Isotopes and atomic mass phet answers

CHEM& 140 Lab: Isotopes and Atomic Mass
Part 1: Make Isotopes
Open the Isotopes and Atomic Mass simulation http://phet.colorado.edu/en/simulation/isotopes-and-atomic-mass. Play with the “Isotopes” tab of the simulation for a few minutes and then answer the following questions.

1. What type of particles determine the identity of the atom, meaning which element it is?

2. What type of particles determine the mass number?

3. Why is mass number always a whole number?

4. One isotope of carbon (C) has exactly the same mass number as the value for the atomic mass since it was used as the definition of the atomic mass unit (amu). Which isotope of carbon is it and what is its mass?

5. What is the approximate mass of one proton? __________amu

6. What is the approximate mass of one neutron? __________amu

7. Look at 3 or 4 other atoms using the simulation. Do any of them have a whole number for their mass?

The reason why is that only one particular isotope of carbon, which you identified a couple of questions previously, is used to set (define) the atomic mass unit.

Fill in the blank with a fraction: 1 atomic mass unit (amu) = _________ mass of a carbon-12 atom

This turns out to be: 1 atomic mass unit (amu) = 1.66 x 10 – 27 kg

Click on the element oxygen in the Periodic Table in the simulation. Start with an atom that has 8 protons, 8 neutrons, and 8 electrons.

8. How does the mass (in amu) of the entire atom relate to the mass number?

9. Write the symbol for this atom of 8 protons, 8 neutrons, and 8 electrons using the notation style.

10. How many different atoms can you build for the element oxygen using the simulation? Write the symbols for all of these atoms using the notation style.

11. The different atoms that you just listed for oxygen are the isotopes of oxygen. Which of the isotopes for oxygen are stable? Which are unstable? Which isotopes are abundant in nature, the stable or unstable isotopes?

12. What do all of the isotopes of oxygen have in common in terms of the particles they are made of?

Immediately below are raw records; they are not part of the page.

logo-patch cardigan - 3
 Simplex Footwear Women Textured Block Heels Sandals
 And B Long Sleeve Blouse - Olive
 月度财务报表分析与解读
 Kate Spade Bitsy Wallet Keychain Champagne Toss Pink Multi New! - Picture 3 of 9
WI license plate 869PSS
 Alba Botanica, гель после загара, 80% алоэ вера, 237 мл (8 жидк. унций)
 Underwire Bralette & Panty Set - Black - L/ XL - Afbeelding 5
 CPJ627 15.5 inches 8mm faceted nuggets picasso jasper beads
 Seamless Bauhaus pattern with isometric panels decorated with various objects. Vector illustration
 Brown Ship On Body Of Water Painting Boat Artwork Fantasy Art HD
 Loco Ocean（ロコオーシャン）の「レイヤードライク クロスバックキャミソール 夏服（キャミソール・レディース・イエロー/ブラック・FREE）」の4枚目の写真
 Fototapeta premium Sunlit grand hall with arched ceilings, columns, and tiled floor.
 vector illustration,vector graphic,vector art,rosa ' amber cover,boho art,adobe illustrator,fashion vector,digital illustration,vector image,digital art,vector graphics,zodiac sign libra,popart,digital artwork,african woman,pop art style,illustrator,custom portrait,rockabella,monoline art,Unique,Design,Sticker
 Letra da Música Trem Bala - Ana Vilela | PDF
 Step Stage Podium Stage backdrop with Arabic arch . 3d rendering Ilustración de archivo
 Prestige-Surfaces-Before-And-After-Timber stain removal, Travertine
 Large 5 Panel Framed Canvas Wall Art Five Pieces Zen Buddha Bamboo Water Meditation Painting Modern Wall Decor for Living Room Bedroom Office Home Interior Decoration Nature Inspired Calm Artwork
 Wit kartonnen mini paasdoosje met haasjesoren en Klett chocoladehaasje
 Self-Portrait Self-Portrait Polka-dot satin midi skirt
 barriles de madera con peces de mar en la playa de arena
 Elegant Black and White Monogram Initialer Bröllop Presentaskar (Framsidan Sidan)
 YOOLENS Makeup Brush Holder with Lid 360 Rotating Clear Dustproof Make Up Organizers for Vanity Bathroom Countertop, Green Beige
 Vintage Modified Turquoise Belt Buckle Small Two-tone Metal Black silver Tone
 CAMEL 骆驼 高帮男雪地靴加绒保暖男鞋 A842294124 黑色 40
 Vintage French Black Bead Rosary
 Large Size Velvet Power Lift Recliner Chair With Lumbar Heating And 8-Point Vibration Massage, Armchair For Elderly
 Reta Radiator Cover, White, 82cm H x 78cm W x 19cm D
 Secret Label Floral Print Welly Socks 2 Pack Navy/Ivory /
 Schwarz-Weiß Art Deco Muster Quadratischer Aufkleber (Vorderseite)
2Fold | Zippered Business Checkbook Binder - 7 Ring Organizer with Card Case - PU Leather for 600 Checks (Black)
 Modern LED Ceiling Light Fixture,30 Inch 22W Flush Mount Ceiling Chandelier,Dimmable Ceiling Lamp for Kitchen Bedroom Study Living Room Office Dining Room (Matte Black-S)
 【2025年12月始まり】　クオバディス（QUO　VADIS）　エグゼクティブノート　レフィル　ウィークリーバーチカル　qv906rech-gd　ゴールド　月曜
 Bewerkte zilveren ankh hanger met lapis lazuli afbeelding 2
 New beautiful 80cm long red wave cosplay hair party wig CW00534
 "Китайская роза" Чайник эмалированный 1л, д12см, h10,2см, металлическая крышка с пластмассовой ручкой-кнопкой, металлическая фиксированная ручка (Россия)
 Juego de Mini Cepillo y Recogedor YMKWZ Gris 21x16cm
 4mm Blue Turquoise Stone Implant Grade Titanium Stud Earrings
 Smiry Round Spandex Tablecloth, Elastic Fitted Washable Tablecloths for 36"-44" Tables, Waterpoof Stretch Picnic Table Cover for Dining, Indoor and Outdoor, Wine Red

13. What type of particle varies in number in the isotopes of oxygen?

14. Do the number of protons and number of neutrons need to be the same in an atom of a stable isotope?

15. Do the number of protons and number of electrons need to be the same in a (neutral) atom?

Part 2: Mix Isotopes
Play with the “Mixtures” tab for a few minutes, then answer the following questions.

1. What are the factors that affect the average atomic mass of a mixture of isotopes?

2. Beryllium (Be) and Fluorine (F) have only one stable isotope. Use the simulation and the Periodic Table to complete the following data table:

Element

Mass of 1 atom

Average mass of 2 atoms (sim)

Average mass of 3 atoms (sim)

Atomic mass

(periodic table)

Beryllium (Be)

9.01218 amu

Fluorine (F)

18.99840 amu

3. Why are all the values in each row of the table above the same?

4. Lithium has only two stable isotopes. Use the simulation to determine the following:

a. Mass of a lithium-6 atom = __________________amu

b. Mass of a lithium-7 atom = __________________amu

c. The average atomic mass of a sample containing three lithium-6 atoms and two lithium-7 atoms =

______________amu

(Note: This mixture does not match the mix found naturally for lithium. We will get to the real mix later!)

d. Is the average atomic mass you just determined closer to the mass of lithium-6 or lithium-7? Explain.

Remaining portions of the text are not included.